Planetary Nebulae and White Dwarfs

  • Definition of Planetary Nebulae: A planetary nebula is a phase in the life cycle of a star, typically featuring a white dwarf at its center surrounded by a cloud of gas and dust that represents the outer layers expelled during the later stages of stellar evolution.

  • Characteristics:

    • Central Object: The core is a white dwarf
    • Outer Layers: The nebula consists of outer layers of stellar material that were shed, not from an explosion, but gradually over time. No explosion occurs in this phase.

  • Examples of Planetary Nebulae: Six beautiful examples can be observed via the Hubble Space Telescope. Each displays vivid colors with a white dwarf at the center.

  • Star Mass Connection:

    • All observed planetary nebulae are products of low mass stars, indicating that the original star from which the nebula formed had a low mass. Generally, low mass stars become white dwarfs after shedding their outer layers in a nebula.

Low Mass Stars vs. High Mass Stars

  • Division of Star Mass: The categorization between low mass stars (less than 8 solar masses) and high mass stars (more than 12 solar masses).

  • Low Mass Stars:

    • Develop into giants and eventually form white dwarfs without undergoing supernova explosions.

  • High Mass Stars:

    • Become giants and later undergo supernova explosions leading to neutron stars or black holes.
    • The star’s mass influences the type of remnant formed after the explosion.

Supernova Explosions

  • Supernova Types:

    • Type Ia Supernova: Arises from a white dwarf in a binary system, likely paired with a red giant.

    • When enough mass is transferred and the white dwarf exceeds the Chandrasekhar limit of 1.4 solar masses, it collapses and undergoes nuclear fusion leading to an explosion.

    • The white dwarf is destroyed in this process, leading to no recurrence of the event.

    • Core Collapse Supernova (Type II):

    • Occurs in high mass stars once their core collapses due to the inability to generate energy from iron fusion, resulting in gravitational collapse.

    • Explosive nature leads to the ejection of stellar material.

Characteristics of White Dwarfs

  • White Dwarf Definition:

    • A white dwarf is the remnant core of a low mass star (similar in size to Earth, but incredibly dense).
    • By itself, a white dwarf does not undergo nuclear fusion and is essentially a dead star.
    • Maximum mass of a white dwarf is specified by the Chandrasekhar limit, which is 1.4 solar masses.

  • Accretion: If a white dwarf is part of a binary system with a red giant, it can acquire hydrogen from the red giant leading to potential nova and supernova events.

  • Nova Explained:

    • A nova is a smaller explosion occurring on the surface of the white dwarf, which can repeat with time as material accumulates.

Explosive Mechanism of Supernovae

  • Faltering Energy Source:
    • Once nuclear fusion reaches iron, no further energy is produced, leading to gravity overwhelming pressure and causing an implosion.
  • Sequence of Events:
    • After collapsing implosion, there is a bounce-back effect where the outer layers explode.

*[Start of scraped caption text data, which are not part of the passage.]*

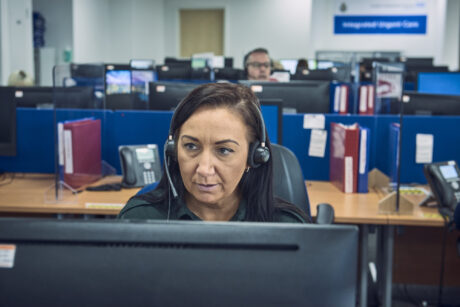 111 call handler with headset sat at computer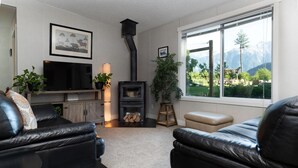 A living room with a fireplace, a television, and a large window with a mountain view. - The Cabin at Sweetwater Lane Farm (Mount Currie)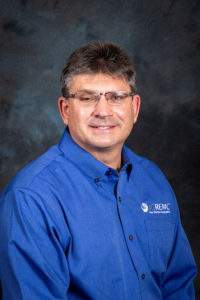 Headshot of a man with dark hair wearing glasses. He is wearing a blue dress shirt with a white JCREMC logo.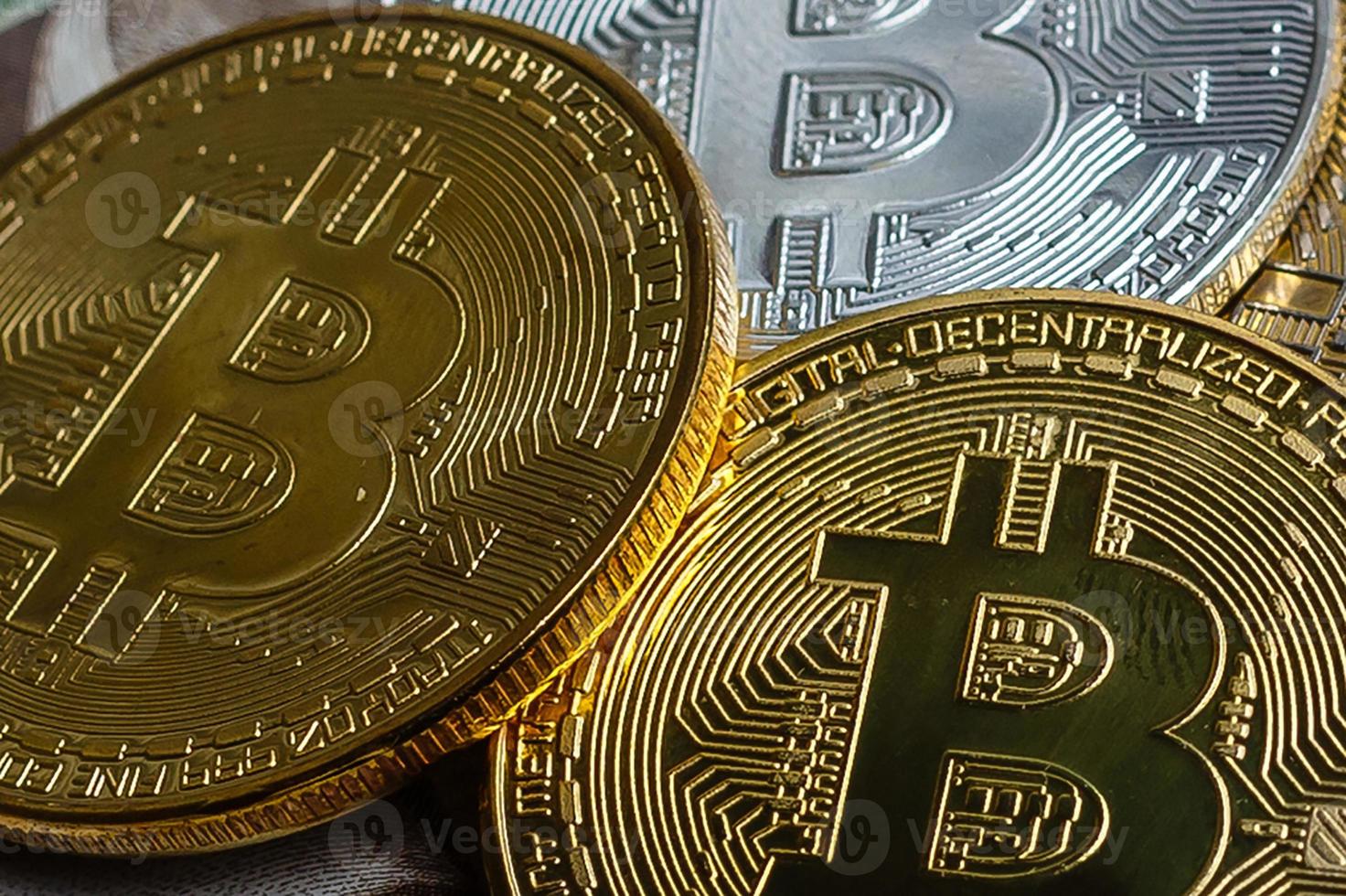 Bitcoin and ukraine national currency hryvnya on background photo
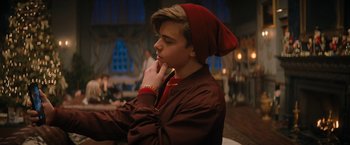 Movie still from “Violent Night” (2022), directed by Tommy Wirkola – A young man wearing a red hat and a brown jacket; Medium shot, Over the shoulder angle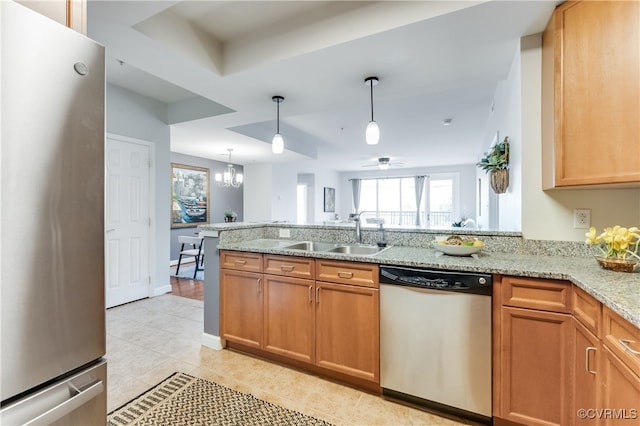 kitchen with appliances with stainless steel finishes, light stone countertops, kitchen peninsula, and sink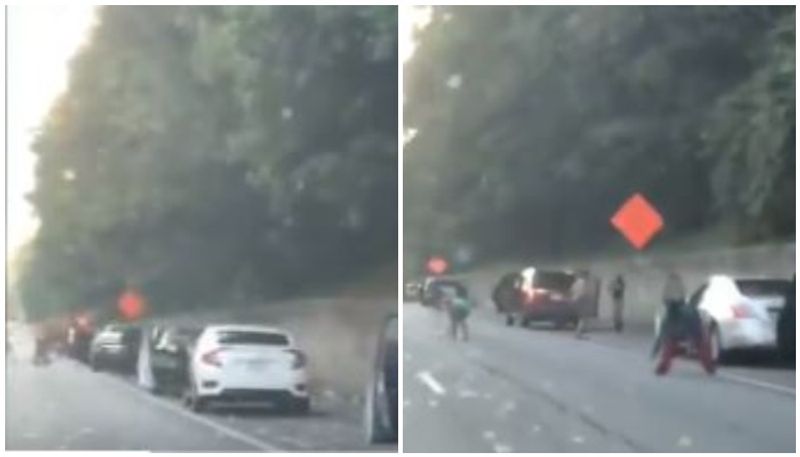 video of passengers collecting currency from road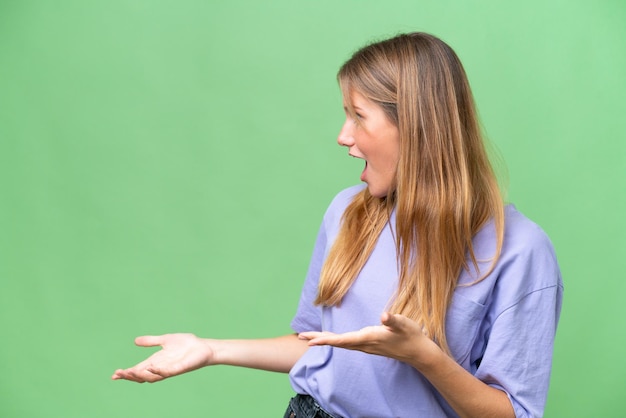 Young beautiful woman over isolated background with surprise expression while looking side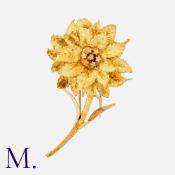 HERMES. A Flower Brooch in 18K yellow gold, signed Hermes Paris and serial numbered. French marks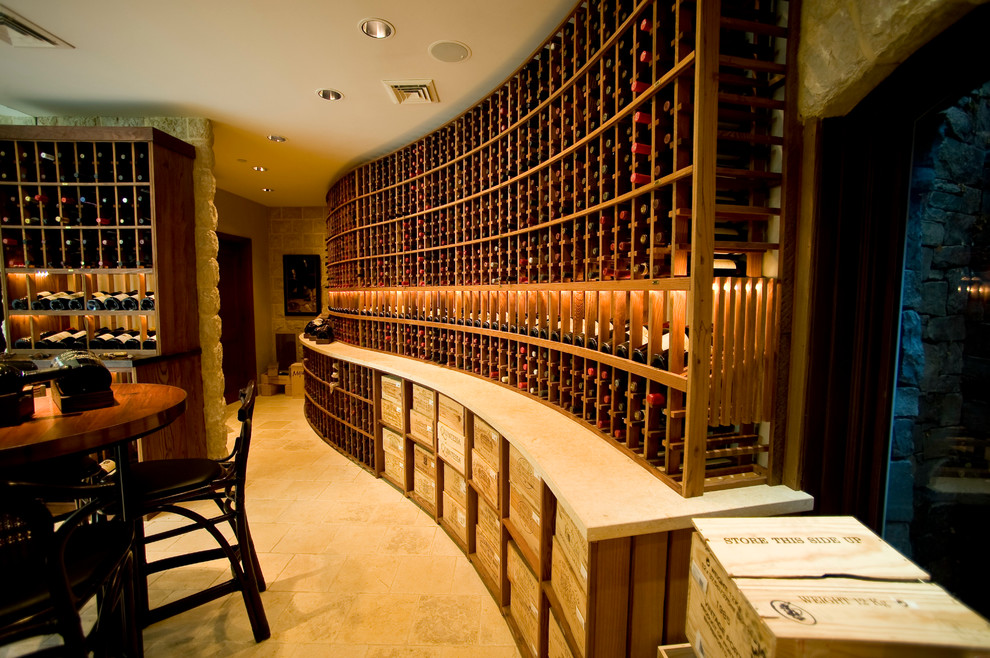 Inspiration for a large modern wine cellar in San Francisco with travertine floors, storage racks and yellow floor.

This forms the classic imagery associated with supernovae.

Supernova Remnants

  • Supernova remnant refers to the debris following a supernova explosion, often containing neutron stars or black holes that indicate the mass of the progenitor star.

Cosmic Origins of Elements

  • Elements heavier than iron are created primarily through supernova explosions. Elements such as gold cannot be produced in typical stellar processes but can originate during explosive events.

  • Astrophysical Chemical Contributions:

    • Elements such as oxygen and iron found in our body come from high mass stars that have exploded and enriched the interstellar space with their material.

Summary of Stellar Processes

  • Life Cycle of Low Mass Stars:

    • fuses hydrogen in its core, runs out of hydrogen, exhausts helium, produces carbon, may become a white dwarf leading to a planetary nebula.

  • Life Cycle of High Mass Stars:

    • more complex, heavier element fusion occurs, culminates in supernova events followed by neutron stars or black holes.

Key Takeaways

  • Win vital understanding of white dwarfs, planetary nebulae, and the significance of mass in stellar evolution and explosive events.
  • Familiarity with terms such as novas, supernovae, accretion disc, and Roche lobe overflow is crucial for the topic of stellar evolution.